Fitch Ratings said estimates of assets at Bankas Snoras AB, which the government took over last week, may be lowered because Lithuania’s fifth-largest bank didn’t set aside adequate reserves to cover bad loans.
Corporate loans, mainly for real-estate projects, are the “most problematic,” with some related to the bank’s shareholders, Vladimir Markelov, a Moscow-based analyst at Fitch, said today in a phone interview.
“The asset quality was extremely poor,” Markelov said. “The loan book was under-provisioned,” with bad, overdue and non-performing loans accounting for 135 percent of the bank’s total equity in May.
Lithuania took Snoras over on Nov. 16, citing solvency issues. Fitch cut the lender’s credit rating to C from B+ because the takeover involves losses for creditors. The government is seeking to split Snoras into two banks with good and bad assets. The bad bank will file for protection from creditors, while an investor will be sought for the good bank, which will house higher-quality assets.

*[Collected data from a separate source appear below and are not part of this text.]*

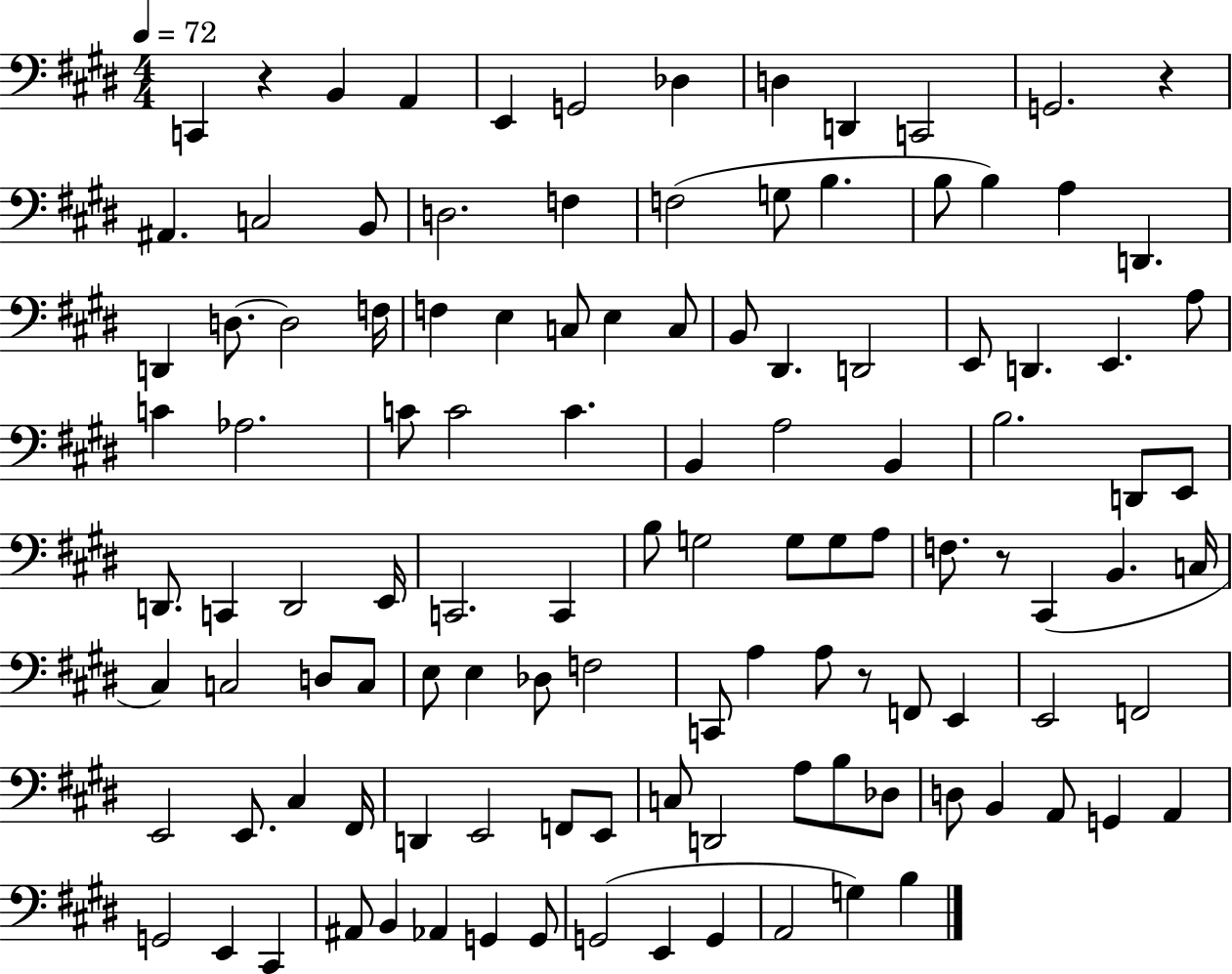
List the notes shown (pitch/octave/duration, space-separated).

C2/q R/q B2/q A2/q E2/q G2/h Db3/q D3/q D2/q C2/h G2/h. R/q A#2/q. C3/h B2/e D3/h. F3/q F3/h G3/e B3/q. B3/e B3/q A3/q D2/q. D2/q D3/e. D3/h F3/s F3/q E3/q C3/e E3/q C3/e B2/e D#2/q. D2/h E2/e D2/q. E2/q. A3/e C4/q Ab3/h. C4/e C4/h C4/q. B2/q A3/h B2/q B3/h. D2/e E2/e D2/e. C2/q D2/h E2/s C2/h. C2/q B3/e G3/h G3/e G3/e A3/e F3/e. R/e C#2/q B2/q. C3/s C#3/q C3/h D3/e C3/e E3/e E3/q Db3/e F3/h C2/e A3/q A3/e R/e F2/e E2/q E2/h F2/h E2/h E2/e. C#3/q F#2/s D2/q E2/h F2/e E2/e C3/e D2/h A3/e B3/e Db3/e D3/e B2/q A2/e G2/q A2/q G2/h E2/q C#2/q A#2/e B2/q Ab2/q G2/q G2/e G2/h E2/q G2/q A2/h G3/q B3/q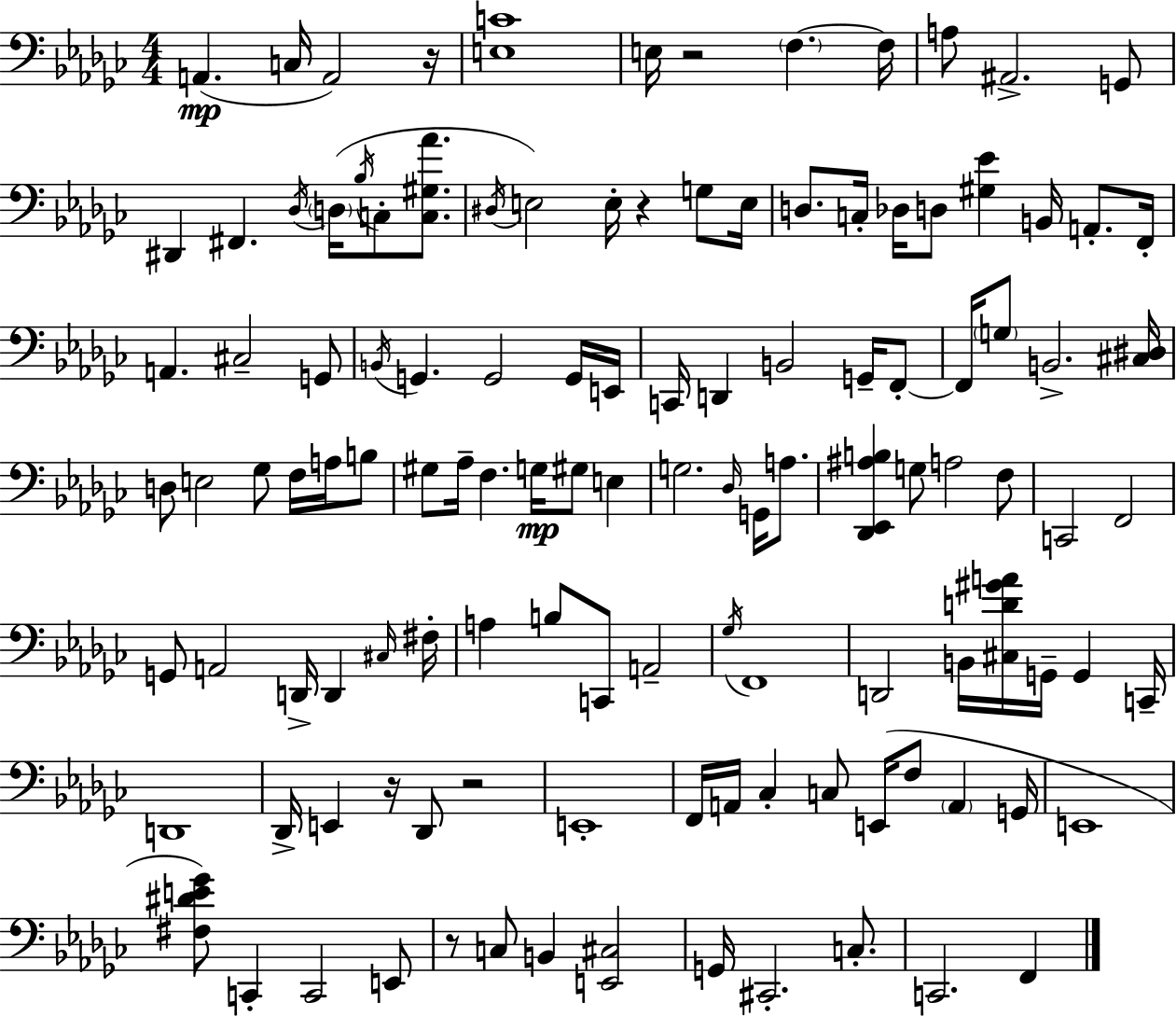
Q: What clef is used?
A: bass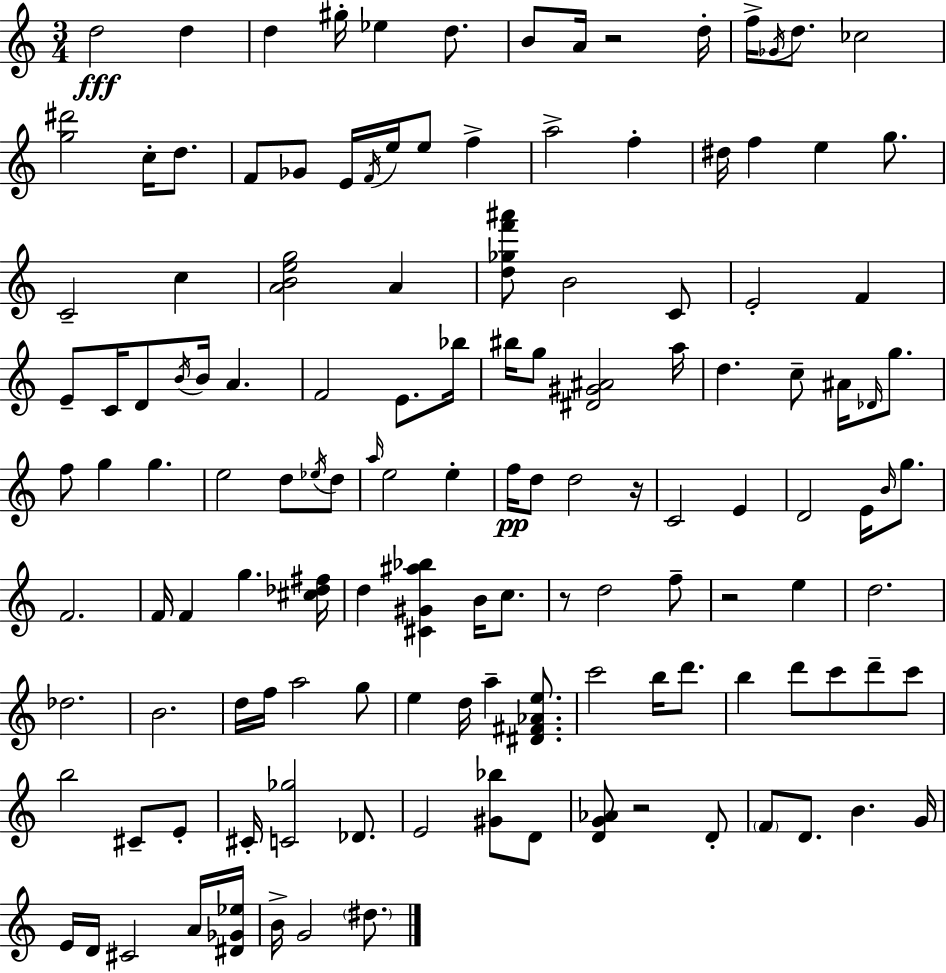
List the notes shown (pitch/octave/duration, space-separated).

D5/h D5/q D5/q G#5/s Eb5/q D5/e. B4/e A4/s R/h D5/s F5/s Gb4/s D5/e. CES5/h [G5,D#6]/h C5/s D5/e. F4/e Gb4/e E4/s F4/s E5/s E5/e F5/q A5/h F5/q D#5/s F5/q E5/q G5/e. C4/h C5/q [A4,B4,E5,G5]/h A4/q [D5,Gb5,F6,A#6]/e B4/h C4/e E4/h F4/q E4/e C4/s D4/e B4/s B4/s A4/q. F4/h E4/e. Bb5/s BIS5/s G5/e [D#4,G#4,A#4]/h A5/s D5/q. C5/e A#4/s Db4/s G5/e. F5/e G5/q G5/q. E5/h D5/e Eb5/s D5/e A5/s E5/h E5/q F5/s D5/e D5/h R/s C4/h E4/q D4/h E4/s B4/s G5/e. F4/h. F4/s F4/q G5/q. [C#5,Db5,F#5]/s D5/q [C#4,G#4,A#5,Bb5]/q B4/s C5/e. R/e D5/h F5/e R/h E5/q D5/h. Db5/h. B4/h. D5/s F5/s A5/h G5/e E5/q D5/s A5/q [D#4,F#4,Ab4,E5]/e. C6/h B5/s D6/e. B5/q D6/e C6/e D6/e C6/e B5/h C#4/e E4/e C#4/s [C4,Gb5]/h Db4/e. E4/h [G#4,Bb5]/e D4/e [D4,G4,Ab4]/e R/h D4/e F4/e D4/e. B4/q. G4/s E4/s D4/s C#4/h A4/s [D#4,Gb4,Eb5]/s B4/s G4/h D#5/e.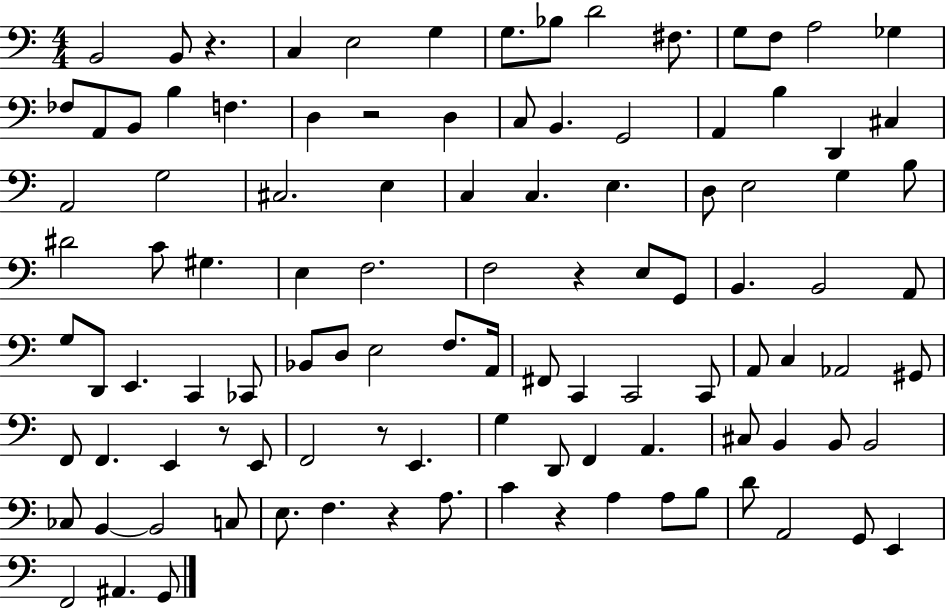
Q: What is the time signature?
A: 4/4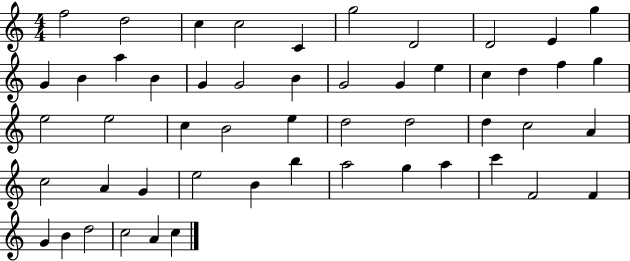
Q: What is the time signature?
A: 4/4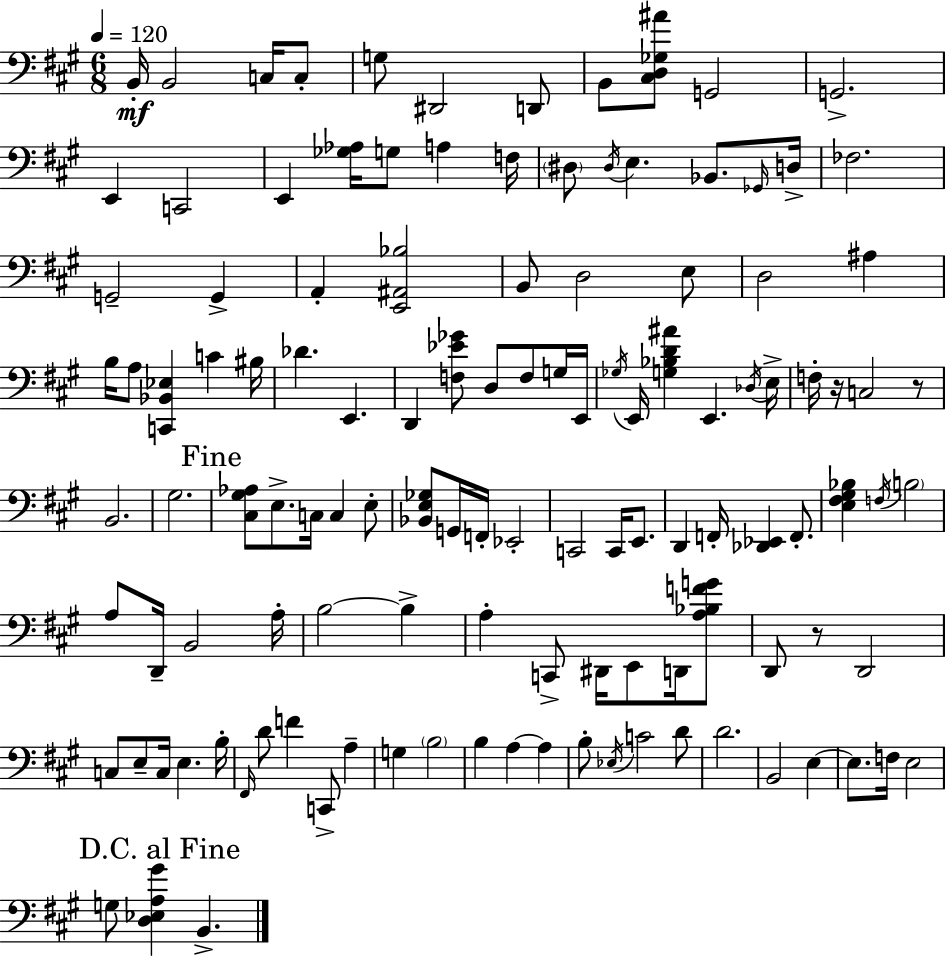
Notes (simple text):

B2/s B2/h C3/s C3/e G3/e D#2/h D2/e B2/e [C#3,D3,Gb3,A#4]/e G2/h G2/h. E2/q C2/h E2/q [Gb3,Ab3]/s G3/e A3/q F3/s D#3/e D#3/s E3/q. Bb2/e. Gb2/s D3/s FES3/h. G2/h G2/q A2/q [E2,A#2,Bb3]/h B2/e D3/h E3/e D3/h A#3/q B3/s A3/e [C2,Bb2,Eb3]/q C4/q BIS3/s Db4/q. E2/q. D2/q [F3,Eb4,Gb4]/e D3/e F3/e G3/s E2/s Gb3/s E2/s [G3,Bb3,D4,A#4]/q E2/q. Db3/s E3/s F3/s R/s C3/h R/e B2/h. G#3/h. [C#3,G#3,Ab3]/e E3/e. C3/s C3/q E3/e [Bb2,E3,Gb3]/e G2/s F2/s Eb2/h C2/h C2/s E2/e. D2/q F2/s [Db2,Eb2]/q F2/e. [E3,F#3,G#3,Bb3]/q F3/s B3/h A3/e D2/s B2/h A3/s B3/h B3/q A3/q C2/e D#2/s E2/e D2/s [A3,Bb3,F4,G4]/e D2/e R/e D2/h C3/e E3/e C3/s E3/q. B3/s F#2/s D4/e F4/q C2/e A3/q G3/q B3/h B3/q A3/q A3/q B3/e Eb3/s C4/h D4/e D4/h. B2/h E3/q E3/e. F3/s E3/h G3/e [D3,Eb3,A3,G#4]/q B2/q.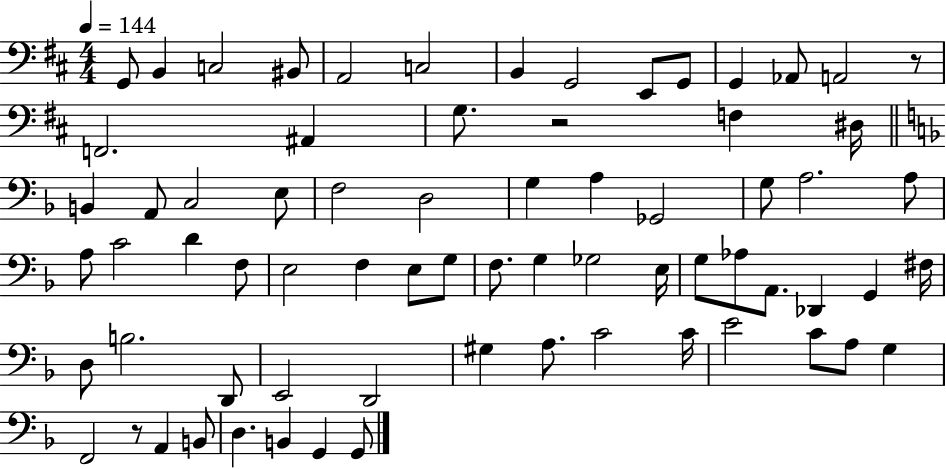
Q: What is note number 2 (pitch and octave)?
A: B2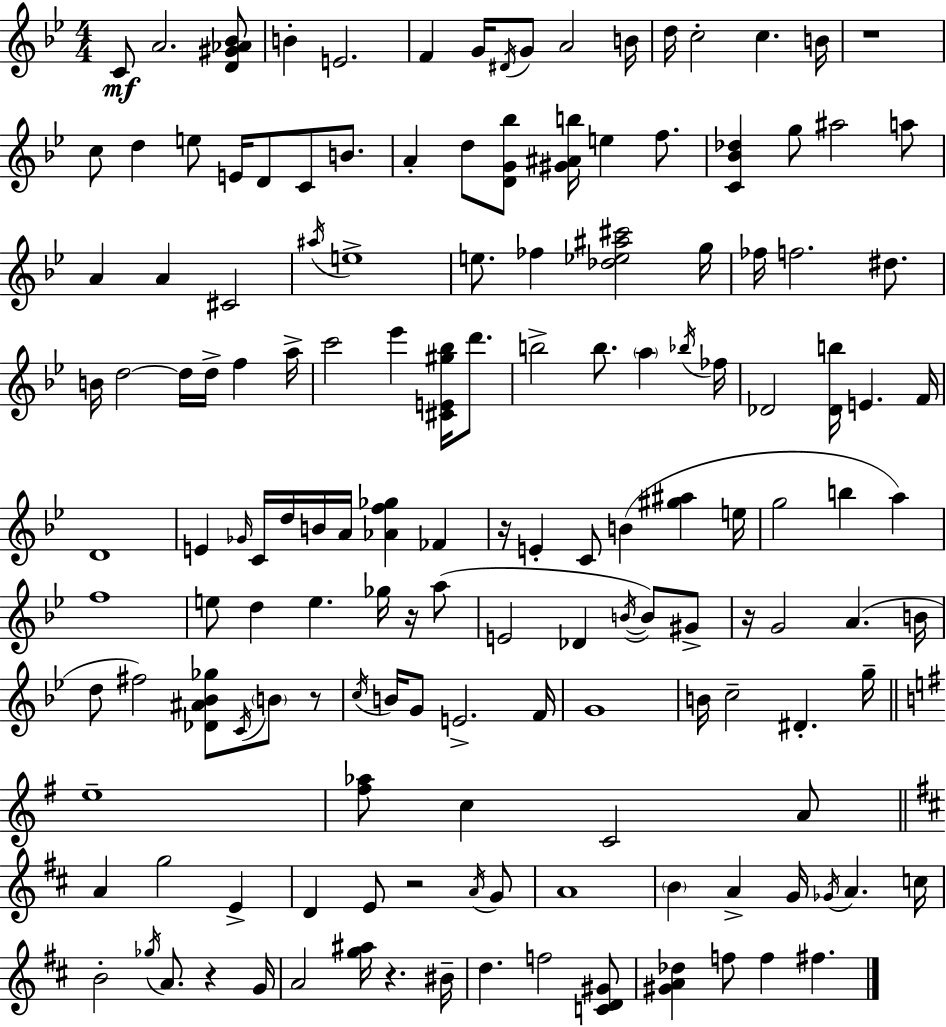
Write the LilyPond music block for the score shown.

{
  \clef treble
  \numericTimeSignature
  \time 4/4
  \key g \minor
  c'8\mf a'2. <d' gis' aes' bes'>8 | b'4-. e'2. | f'4 g'16 \acciaccatura { dis'16 } g'8 a'2 | b'16 d''16 c''2-. c''4. | \break b'16 r1 | c''8 d''4 e''8 e'16 d'8 c'8 b'8. | a'4-. d''8 <d' g' bes''>8 <gis' ais' b''>16 e''4 f''8. | <c' bes' des''>4 g''8 ais''2 a''8 | \break a'4 a'4 cis'2 | \acciaccatura { ais''16 } e''1-> | e''8. fes''4 <des'' ees'' ais'' cis'''>2 | g''16 fes''16 f''2. dis''8. | \break b'16 d''2~~ d''16 d''16-> f''4 | a''16-> c'''2 ees'''4 <cis' e' gis'' bes''>16 d'''8. | b''2-> b''8. \parenthesize a''4 | \acciaccatura { bes''16 } fes''16 des'2 <des' b''>16 e'4. | \break f'16 d'1 | e'4 \grace { ges'16 } c'16 d''16 b'16 a'16 <aes' f'' ges''>4 | fes'4 r16 e'4-. c'8 b'4( <gis'' ais''>4 | e''16 g''2 b''4 | \break a''4) f''1 | e''8 d''4 e''4. | ges''16 r16 a''8( e'2 des'4 | \acciaccatura { b'16~ }~) b'8 gis'8-> r16 g'2 a'4.( | \break b'16 d''8 fis''2) <des' ais' bes' ges''>8 | \acciaccatura { c'16 } \parenthesize b'8 r8 \acciaccatura { c''16 } b'16 g'8 e'2.-> | f'16 g'1 | b'16 c''2-- | \break dis'4.-. g''16-- \bar "||" \break \key g \major e''1-- | <fis'' aes''>8 c''4 c'2 a'8 | \bar "||" \break \key d \major a'4 g''2 e'4-> | d'4 e'8 r2 \acciaccatura { a'16 } g'8 | a'1 | \parenthesize b'4 a'4-> g'16 \acciaccatura { ges'16 } a'4. | \break c''16 b'2-. \acciaccatura { ges''16 } a'8. r4 | g'16 a'2 <g'' ais''>16 r4. | bis'16-- d''4. f''2 | <c' d' gis'>8 <gis' a' des''>4 f''8 f''4 fis''4. | \break \bar "|."
}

Fitch may cut Snoras’s rating further -- to Restricted Default -- on Nov. 24 should the central bank confirm losses for creditors, Markelov said.
‘Looking Like Cancer’
The shortfall in Snoras’s assets may be more than the initial 300 million-euro ($405 million) estimate, central bank governor Vitas Vasiliauskas said today.
“We thought it was flu, but now it’s looking like cancer,” he said.
Some securities reported as assets don’t exist, according to the regulator. The Prosecutor General has opened an investigation into possible fraud and embezzlement.
“It’s very difficult to assess the quality of assets within a few days,” meaning the central bank may uncover more holes in the coming weeks, Markelov said.
No public money will be required to save Snoras because the bank has sufficient assets to cover insured deposits, the Finance Ministry said. Uninsured liabilities, such as bonds, will receive “a substantial haircut,” it added.
Insured liabilities account for 1.4 billion euros, compared with a total of 2.36 billion euros in assets at the end of September, it said.